McGill is a collections coordinator for the Animation Research Library at Walt Disney Animation Studios, which holds roughly 65 million objects -- background paintings, animation drawings and paintings of visual concepts of characters, places and story scenarios from films.

An artist herself, McGill majored in studio art at Oklahoma Baptist University. She came to UNT to earn her master's in art history, and discovered her calling when she visited DFW museums as part of the Seminar in Art Museums course.

When she heard museum staffers describe their work, she thought, "You get to touch the cool stuff? It feels like being best friends with a celebrity."

She recalls famed Disney animation director and producer Don Hahn describing the work done at the ARL as "part curator, chemist and detective" after he toured the facilities in the 1990s.

"In the early days of the studio, not all artwork was credited or organized like it might be today. I visually evaluate the drawings and make determinations as to what production and artist produced it to rehouse and attribute accurately," she says. "Unlike museums that keep records of artist, date and mediums used from the moment of acquisition, we are working with a collection that was created with an intention set on creating a film, and that information wasn't always recorded. "

After earning her degree, McGill volunteered at local museums and, later, at the Smithsonian National Museum of the American Indian when she moved with her husband, Ken McGill ('05), to Washington, D.C. A Smithsonian colleague tipped her off about the job at Disney.

Now she's working on archiving sketches from The Lion King, requiring her to don gloves and use tweezers to rehouse and organize the material. She also creates records in an effort to digitize artwork.

McGill loves that she's part of maintaining the legacy of the Disney company and caring for the artists' work.

"So many wonderful artists have poured themselves into this animated work," she says. "It's important to preserve it."

Art of discussion

Andrew Palamara ('14 M.A.)

Andrew Palamara ('14 M.A.) recently took a group of docents into a gallery at the Cincinnati Art Museum, where they were surrounded by early 20th century portraits of women. Their task? To label the portraits -- from artists such as Pablo Picasso and Diego Rivera -- as "alluring," "unappealing" or any other word of their choosing. The room buzzed as they discussed how visitors may perceive beauty through the bias of age, gender and culture.
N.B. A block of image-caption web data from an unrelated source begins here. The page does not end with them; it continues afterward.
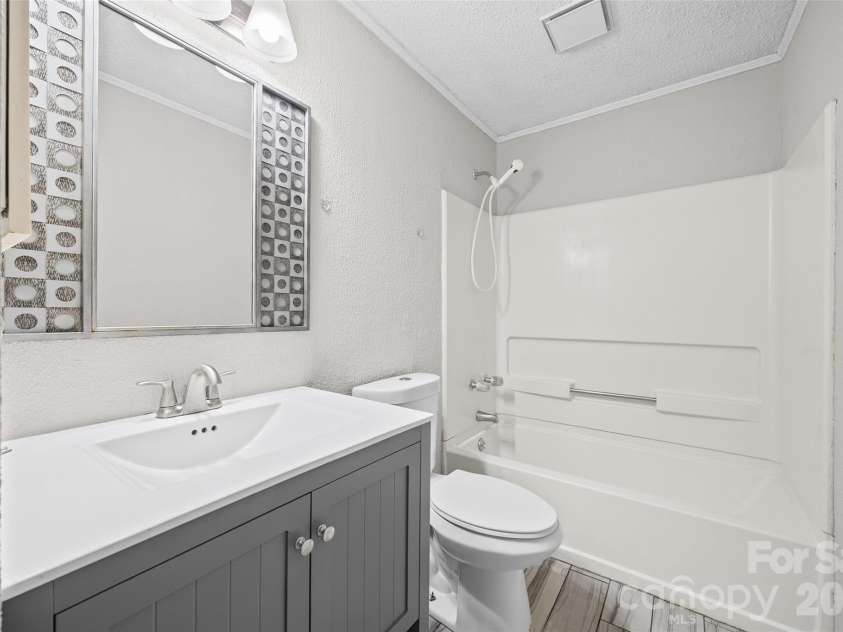 11230 Mallard Crossing Drive, Charlotte, NC 28262.  MLS# CAR4401799, YatesRealty ID 19530. 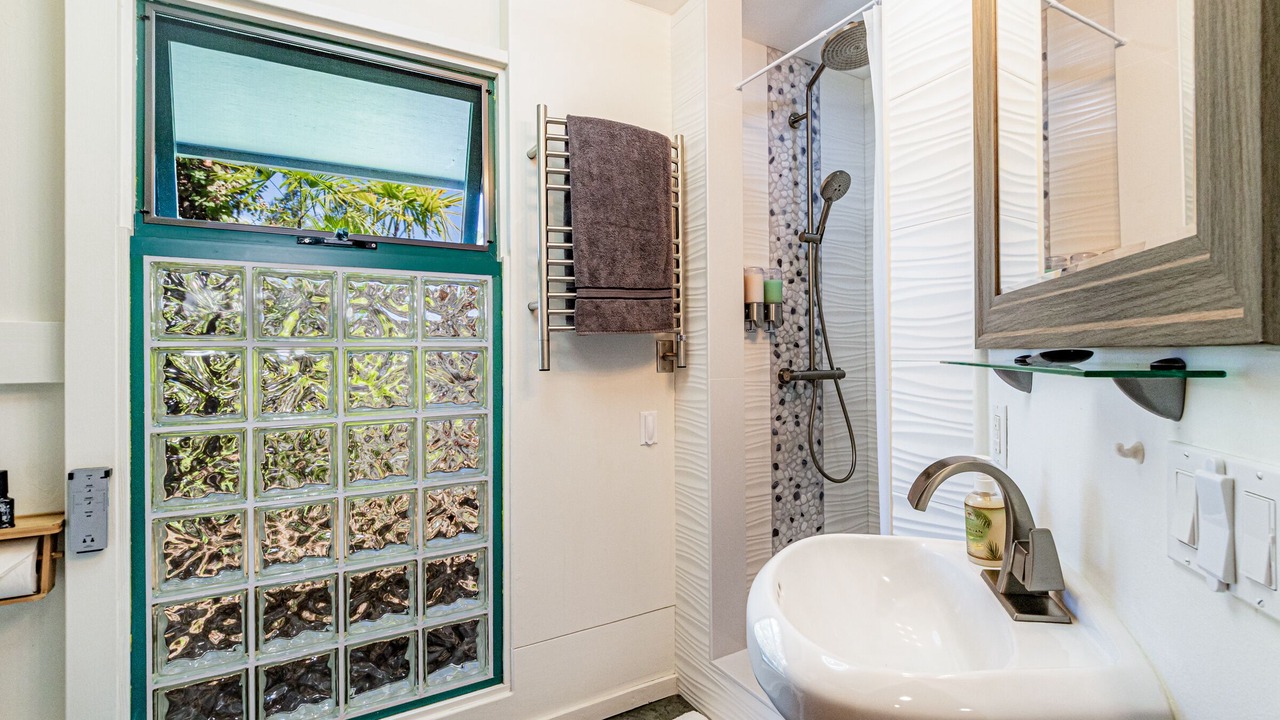 Photo of Bathroom in Hilo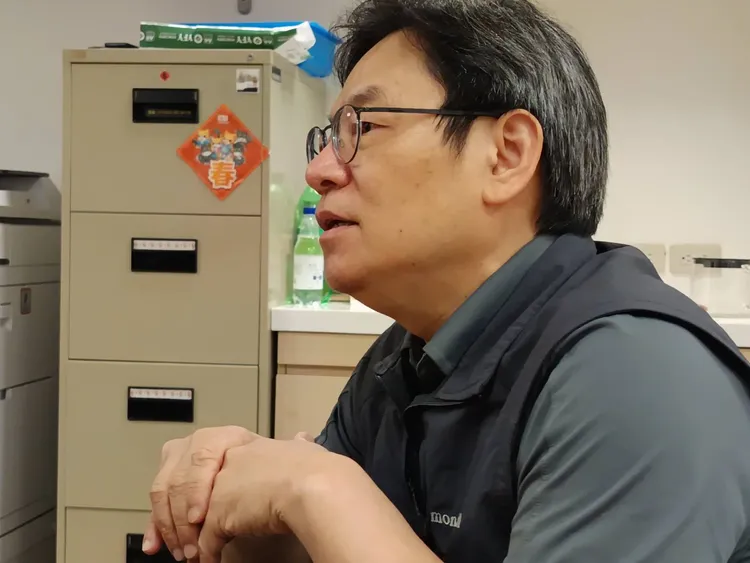 國發會主委葉俊顯表示國發會著手建立新的短期經濟衝擊分析工具，規劃導入「G-Cubed」模型。許麗珍攝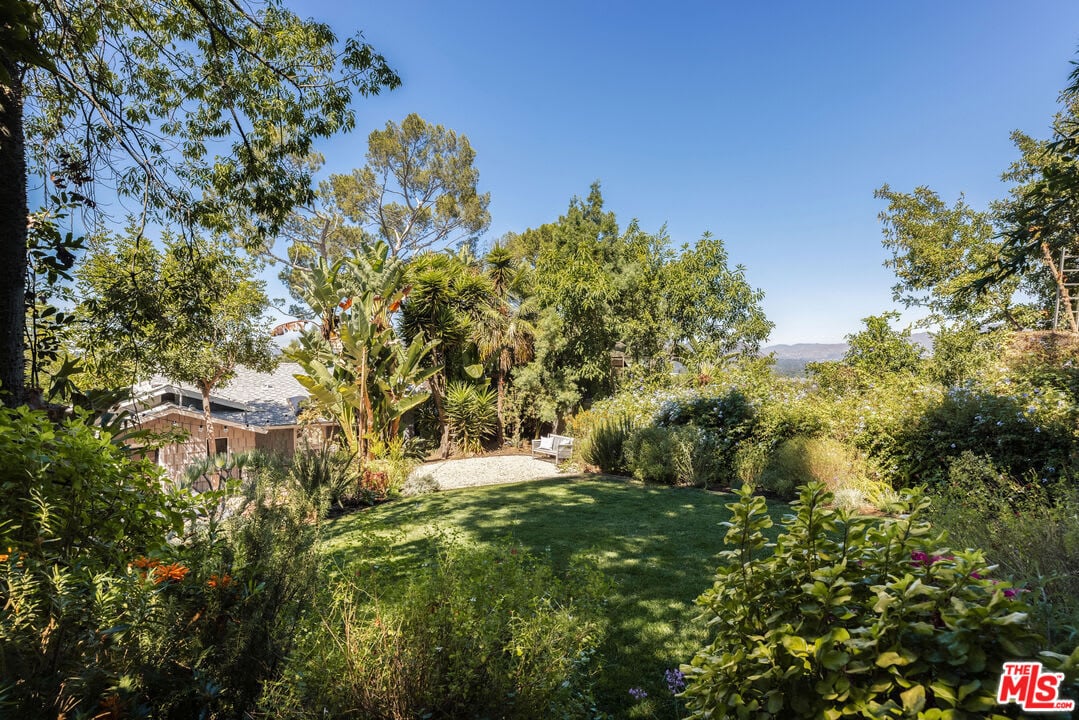 2456 Hidalgo Ave
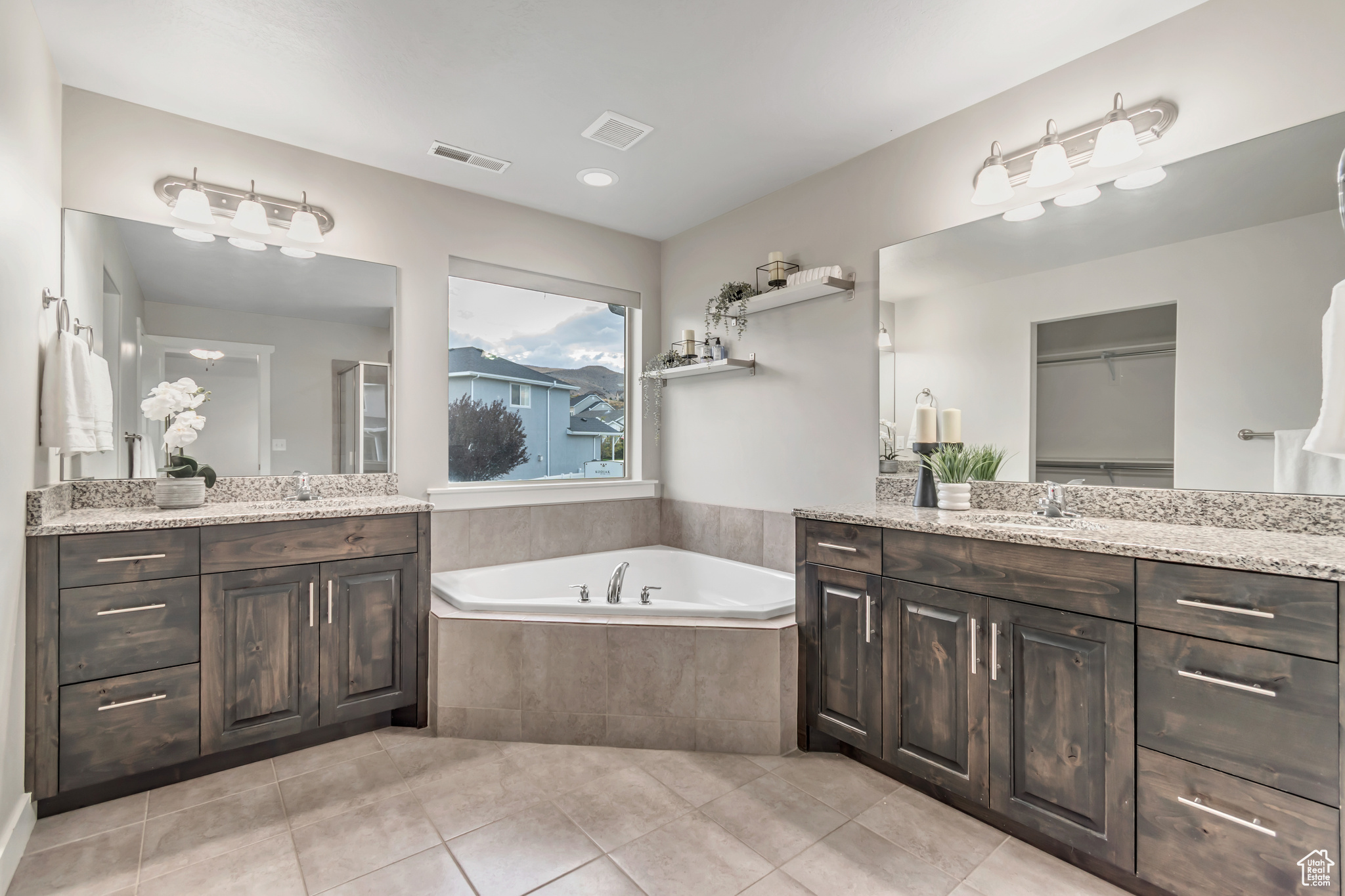 THE BENCHES - Residential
"People have their own ideas about what kind of art is lovely to look at," says Palamara, associate director of docent learning for the museum.

Palamara helps generate discussions for docents, who lead tours in the museum that contains 6,000 years of art. He learned that level of initiative in classes taught by Laura Evans, UNT associate professor of art education and coordinator of art museum education, who often encouraged group discussions instead of lectures.

"That experience informed my thinking about how people learn and how to empower people to speak their minds about what they see," he says.

Palamara, who grew up in Coppell, studied design communications at Belmont University in Nashville before joining UNT's program, where he interned for a summer camps program at the Dallas Museum of Art. Now, in Cincinnati, he trains more than 100 docents and says he appreciates being surrounded by great works of art and interacting with people.

"At least once a day, I get to have a conversation about art and how to make art accessible to different kinds of people," he says. "I try not to take that for granted.